From a young age, Paras Dhillon’s love for fashion was evident in her princess gowns and plastic “glass” slippers.
Little did she know her enthusiasm for style and glamour would blossom into a career someday.
Dhillon, who graduated from the school in May and now studies business at the University of California at Berkeley, inaugurated her clothing line “Paras Dhillon” last month. The project has been in the works for about two years.
In eighth grade, that’s when she truly knew she wanted to go into the business world, she said, but “the idea of a brand never really came to [her] until 10th grade.”
Taking the first step was scary. There was a lot about sole proprietorship she didn’t know, but she had to start somewhere.
After her sophomore year, Dhillon spent countless hours researching, watching YouTube videos and reading books about entrepreneurship and retail. Perhaps the biggest thing to grasp was the legal aspect of business: taxes, permits, a license, etcetera.
At 16, it felt overwhelming, she said, and even now, “I feel like I’m learning as I go.”
“Over the next couple of months, I got into contact with a couple of wholesalers, a couple of suppliers,” she said. “As a permit holder, as a registered business, only a few people have access to these wholesalers.”
Dhillon searched their websites for clothes she wanted to sell and ordered them in bulk. However, before purchasing, she examined the material of each piece.
“Getting the quality right was a really big thing for me,” she said.

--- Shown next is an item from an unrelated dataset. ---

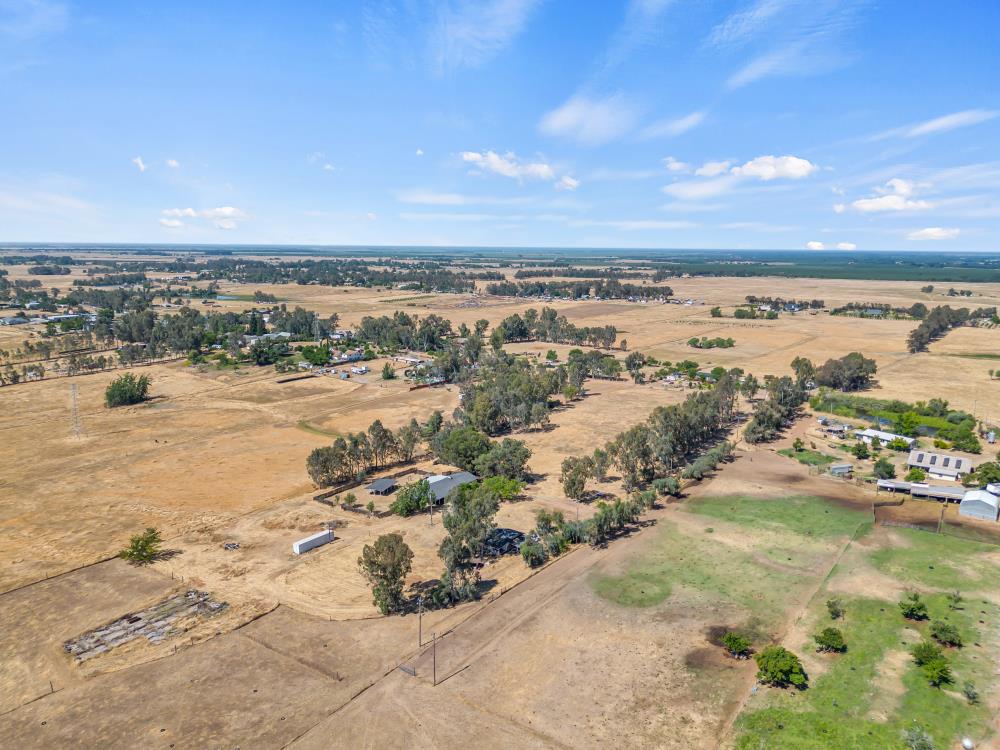 7494 Meadowlark Lane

She said many online clothing companies trick shoppers into thinking their product is well-manufactured by presenting a misleading photo that makes it seem like the fabric is durable and feels good. She didn’t want to cater such apparel to her customers.

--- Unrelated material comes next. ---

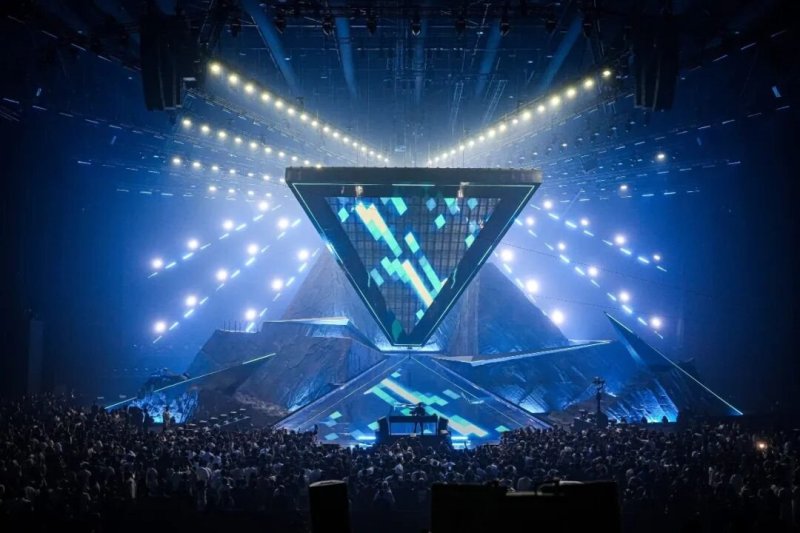 世界TOP级舞美｜雷迪奥如何助力沙特EWC电竞世界杯惊艳全球？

Dhillon said she is happy with her wholesalers, not only for their soft and comfortable design but for pieces that are trendy before they hit the market.
“That’s a big thing in this industry. They’re so many brands, so many online brands. If you don’t keep updated, you’re out of the game,” she said.

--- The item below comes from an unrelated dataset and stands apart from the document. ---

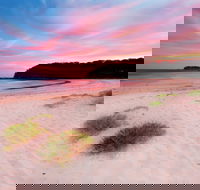 McKenzies Beach - Kawana Tourism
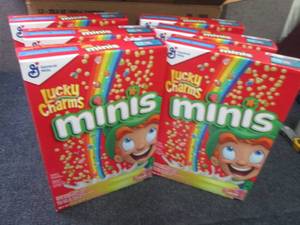 lot 436 image: 6- 10.5 oz Lucky Charms Minis...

Shaping her brand and vibe and making an impression on consumers was important to Dhillon. She wanted an overall theme of “sleek, clean, sophisticated, classy and a little luxurious” to be seen not only in the clothing line, but in the website, as well, which took two to three months to curate, she said.
She said she studied companies like Calvin Klein and Abercrombie to evaluate how they promote and create a brand for themselves.
Dhillon said with social media and website analytics, she can figure out who her audience is and what platform they come from. She’s been running ads on Google and Facebook and finds that most people discover her shop from the latter.
Dhillon said she primarily sells on her Instagram account @shopparasdhillon. However, people don’t go on Instagram with the intent to buy something, she said, which is why she plans on expanding the business to Ebay, Etsy and Amazon.
She’s already surprised at the response she’s received, though. Her work, alongside support from friends and family spreading the word, helped her sell out of three pieces.
Camryn Bryant, who also graduated in May, is a close friend and proud supporter of Dhillon’s entrepreneurship journey. She was one of the few people aware of Dhillon’s clothing line before it launched.
Bryant bought her cable knit V-neck wrap sweater.
“You can tell she put a lot of effort into making sure that the piece is really comfortable. I felt like I was wearing pajamas,” she said.
Though Dhillon will not make a profit until later, as she is paying the expenses of just starting up the business, she’s “definitely making enough to cover up what [she] spent initially just for the inventory,” she said.
On top of that, she is also “generating enough to be able to have a bigger collection, a bigger lineup, for [her] next launch,” she said. “It will be a spring collection, is all I can say.”
Dhillon credits her participation in the marketing pathway and in Distributive Education Clubs of America (DECA) at Cambridge in preparing her to build up her business.
Her marketing classes and DECA competitions taught her how to formulate ideas and take initiative, she said. She learned advertising, financing, how to start a business plan and how to create a social media campaign.
“It’s really nice that I’ve had the opportunity to learn that for four years,” she said.
School doesn’t have to interfere with your future, said Dhillon, nor should your future be put on the back burner while you pursue an education.
“You don’t have to wait to finish your education, finish your college, and then start working. If you have an idea now, start it now,” she said.
Dhillon offered some advice to young people considering entrepreneurship: “Don’t let the fact that you don’t know where to start stop you. Don’t let your age stop you. Don’t let uncertainty stop you.”
You just have to take the first step, said Dhillon.
“It’s Cambridge newspaper today, Forbes tomorrow,” she said.